The four countries would seek to “re-energise and revitalise alliances” across the world, according to the White House. They are expected to discuss the global food crisis and other areas of cooperation across hemispheres where these four countries are “important innovation hubs”. Washington has also said: “We consider these initiatives central to our strategy of empowering partners and encouraging them to work more closely together, which will lead to a more stable region.”

If this indeed is the chief objective, the grouping holds the promise of opening potentially new opportunities not just between and among them and collectively, but also with their common strategic partners, especially in Asia.

While the United States is the chief unifier in the club, the other three members are striving ‘middle powers’. India’s ‘strategic’ ambition gels well with that of ‘start-up’ Israel and ‘scale-up’ UAE. They can forge their own trilateral partnerships and expanding them into other ‘minilateral’ or ‘plurilateral’ mechanisms, with their other partners, including Japan and South Korea, among others.

This stems from several factors. First, power in the 21st century is no longer determined by military prowess alone, but conditioned by technology, connectivity and trade. Second, new relations are more partnerships and coalitions than alliances, driven by strategic autonomy. Lastly, such partnerships are rooted in economic pragmatism rather than ideology.

It is here that any attempt to force this group to assume an anti-Iran or anti-China tone or both could derail its principle objective. The UAE, India and even Israel have different views on China compared to the United States.

India, which has had difficult ties with China, including the 1962 War and a brutal border clash in 2020, has been the most reluctant member of the Quad in its anti-China stance. And despite the tension, India and China are important trade partners and active BRICS members. On the other hand, the UAE and Israel have been under more pressure in manoeuvring the US-China superpower competition, which they have delicately managed thus far. 

Similarly, while Israel has security reasons to view Iran through an uncompromising lens, the United States has been open to dealing with the Islamic Republic by first signing the Joint Comprehensive Plan of Action in 2015 and now by remaining engaged in the talks to rejoin the nuclear deal that the Trump administration revoked in 2018.

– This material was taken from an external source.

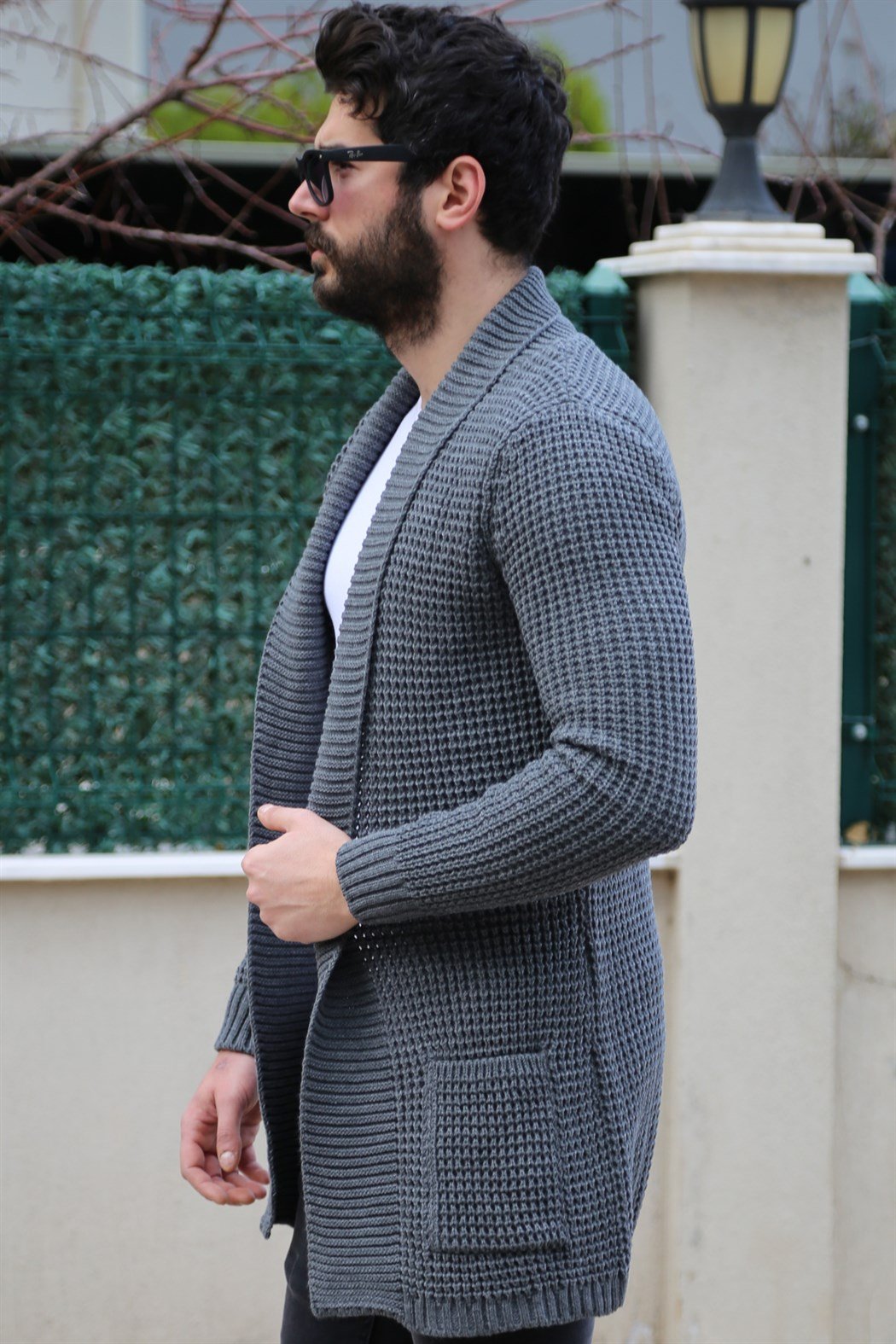 Yakalı Füme Uzun Hırka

India has not let its good ties with Iran affect its engagement with the other I2-U2 partners. In fact, the United States has given India several waivers when dealing with the construction of the Chabahar Port, among others. The UAE too has sought to bridge rather than widen the gulf with Iran in the recent past despite numerous differences.

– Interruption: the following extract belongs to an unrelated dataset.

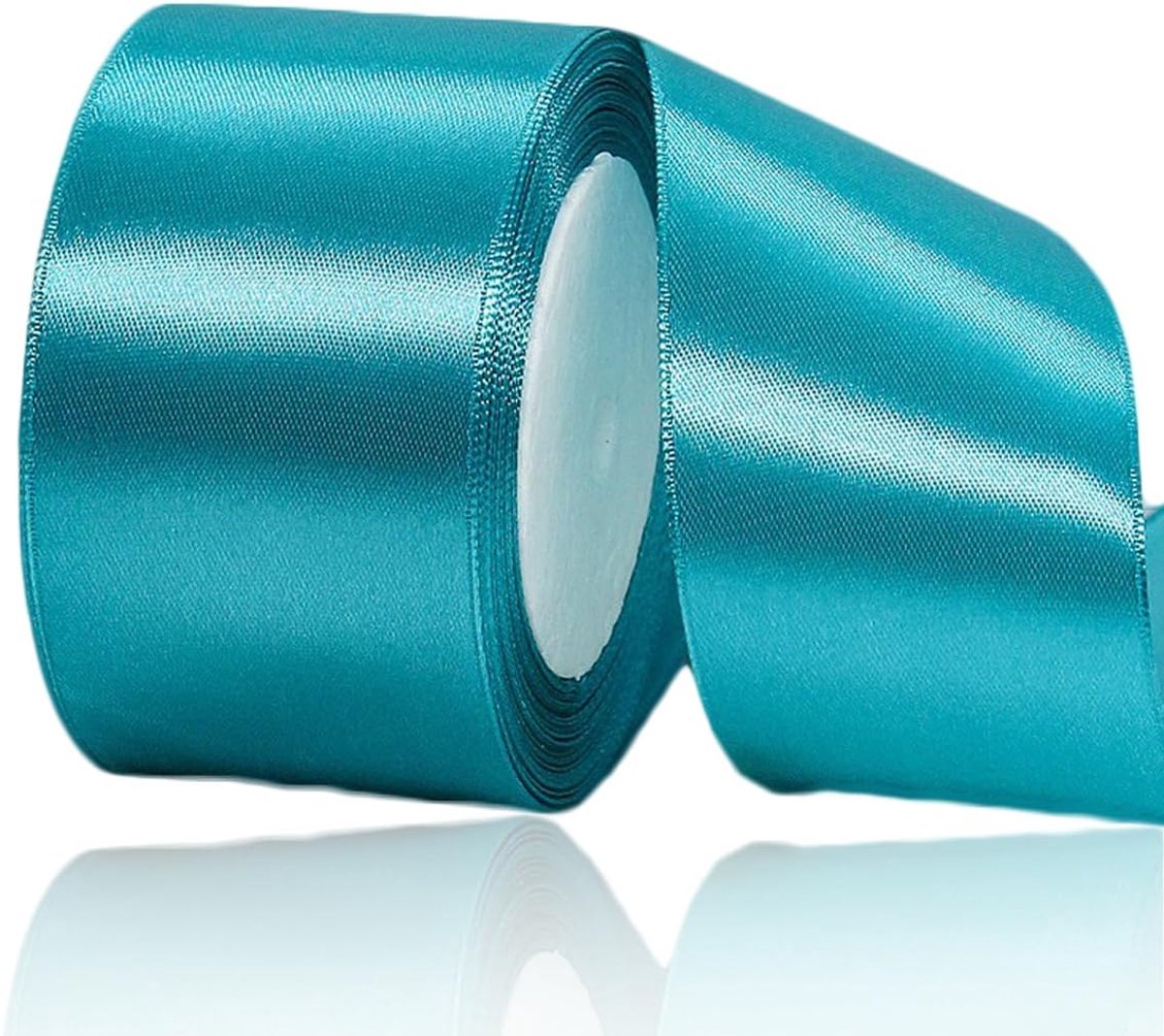 Lint 50 mm, aqua blauw satijnen stoffen lint, 23 meter voor knutselen, geschenkverpakking, bloemboeketten, ballonnen, doe-het-zelf strikken, huwelijksfeest, verjaardagstaarten en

Yes, national security is intractable, but trying to pursue a collective security agenda does not cater to the strength of this grouping. It is also unlikely that any of them would individually compromise national interests and strategic autonomy to achieve consensus.

While each of the countries will continue to pursue their security goals individually or in other formations, I2-U2 will be successful only if it is a harbinger for the present and future in the economic development domain and not a prisoner of the past in the security sphere. It must move away from war and peace and the zero-sum game and superpower competition and advance a positive international agenda that brings different South and West Asia and Western constituents closer.

(Dr N. Janardhan is a senior research fellow at the Anwar Gargash Diplomatic Academy in Abu Dhabi and non-resident fellow at the Arab Gulf States Institute in Washington, and Dr Gedaliah Afterman is the head of the Asia Policy Programme at the Abba Eban Institute for International Diplomacy at Reichman University (IDC Herzliya), Israel.)